Did you realise for why this sight belongs to you?
“Strangers”, Portishead, Beth Gibbons (lyrics)
In this series I look at the public discussion that followed Ayaan Hirsi Ali’s announcement of her Christian conversion. Here I want to talk about two contributions to the conversation from different perspectives, that for my purposes, fit together well.
The article by
is more reasonable than might be supposed by its unsympathetic title, “Ayaan Hirsi Ali’s Shameful Conversion to Christianity” and the second, an excellent analysis by , “Is Religion Even About Truth?”, which I will talk about first.In the previous B-Side episode …
I quote Richard Dawkins as saying:
… my concern is actually not so much with the evils of religion as with whether it’s true.
The Four Horsemen: Hour 2 of 2 - Discussions with Richard Dawkins, Ep 1
The title of O’Connor’s YouTube video, ‘Is Religion Even About Truth?’, could be a questioning response to that. They are, I suggest, inversely related questions.
Dawkins’ focus is on the truth; the ability to demonstrate scientific explanations and debunk religious stories on the basis of evidence. At the root of that must be the concern that false beliefs harm people and human progress. To me that looks like ‘untruths’ qualify as an, ‘evil of religion’ and if so, it’s right to think about the relative harm that each flavour of religion creates.
By contrast O’Connor is asking whether the truth of religion matters if the practice of it results in good outcomes. I should add (and hastily too) that this was a speculation about Hirsi Ali’s rationale and there is no suggestion that he advocates this himself.
Both positions are fundamentalist in their turn:
The sanctity of truth is more important than good outcomes or, (untruthful) means don’t justify the ends.
Good outcomes sometimes trump truth (ends justify the means).
I will come back to those but first, to avoid (unintentional) misrepresentation, here is a lump of relevant text that I carefully transcribed from the O’Connor video:
[...] I can understand if it really is the case that Christian values are necessary to fend off existential threats, why a society might have good reason to adopt those values but if it is possible, as Ayaan's case appears to show that it is, for a person to actually call themselves a Christian, after simply aligning themselves with these values, absent any relevance of the existence of God, or say the historicity of the resurrection of Jesus, then I think we have uncovered some evidence for a controversial hypothesis that many of those celebrating Ayaan's conversion would probably wish to resist - that religion is something you do, not something that's true.
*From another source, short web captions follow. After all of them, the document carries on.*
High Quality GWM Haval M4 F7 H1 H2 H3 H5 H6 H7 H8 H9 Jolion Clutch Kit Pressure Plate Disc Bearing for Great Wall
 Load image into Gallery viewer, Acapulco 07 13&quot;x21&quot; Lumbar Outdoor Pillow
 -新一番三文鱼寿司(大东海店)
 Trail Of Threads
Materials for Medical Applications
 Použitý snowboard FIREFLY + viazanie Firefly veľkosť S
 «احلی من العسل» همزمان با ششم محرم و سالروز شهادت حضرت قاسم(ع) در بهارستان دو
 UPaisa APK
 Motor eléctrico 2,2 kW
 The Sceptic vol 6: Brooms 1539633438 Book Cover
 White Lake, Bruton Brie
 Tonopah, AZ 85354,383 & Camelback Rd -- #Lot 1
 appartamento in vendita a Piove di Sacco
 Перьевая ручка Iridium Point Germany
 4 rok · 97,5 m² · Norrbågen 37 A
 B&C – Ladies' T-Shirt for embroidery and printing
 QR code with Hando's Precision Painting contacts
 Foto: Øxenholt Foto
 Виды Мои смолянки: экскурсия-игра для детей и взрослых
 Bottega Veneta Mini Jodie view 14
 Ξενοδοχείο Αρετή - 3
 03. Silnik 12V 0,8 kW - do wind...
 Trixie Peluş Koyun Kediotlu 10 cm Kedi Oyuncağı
“Is Religion Even About Truth?”, Alex O’Connor
It’s difficult to dispute, because if Hirsi Ali’s adoption of Christianity were successfully performative, how would we know? This is not as ‘left field’ as it might appear, because many other commentators have suggested her conversion is purely political, which would also make it a performative act. In a later episode I ask how we might view it were we to suspect it’s only a political convenience.
Now referring back to what I consider to be extreme positions in reverse order.
Ends Justify the Means
Christianity is an Abrahamic religion that preceded Islam by a millennia and there is some overlap of belief in what is apparently the same god. Might it also be possible to make the case that ‘performing as a Christian’ could work to improve aspects of society (if it were to help build bridges to the religious) without any requirement to have a belief in the supernatural? To be honest I would feel discomfort too but that is not a good reason not to consider it. I think Dawkins would say ‘no’ on the basis it amounts to tolerating falsehoods just to have a discussion.
Means Justify the Ends
I don’t know if I read it or heard it in an interview so am a little unhappy I cannot readily check my recollection, but Dawkins related a story where he was debating religion at a university - I think it was Oxford or Cambridge. As I remember it, his opponent was advocating for religion. At the dinner later that evening, he asked his interlocutor how such a bright legal scholar could believe in a god. He was horrified when she replied that she didn’t and that she was using it as an exercise to practice mooting. It seems that he felt an important subject had been reduced to a game.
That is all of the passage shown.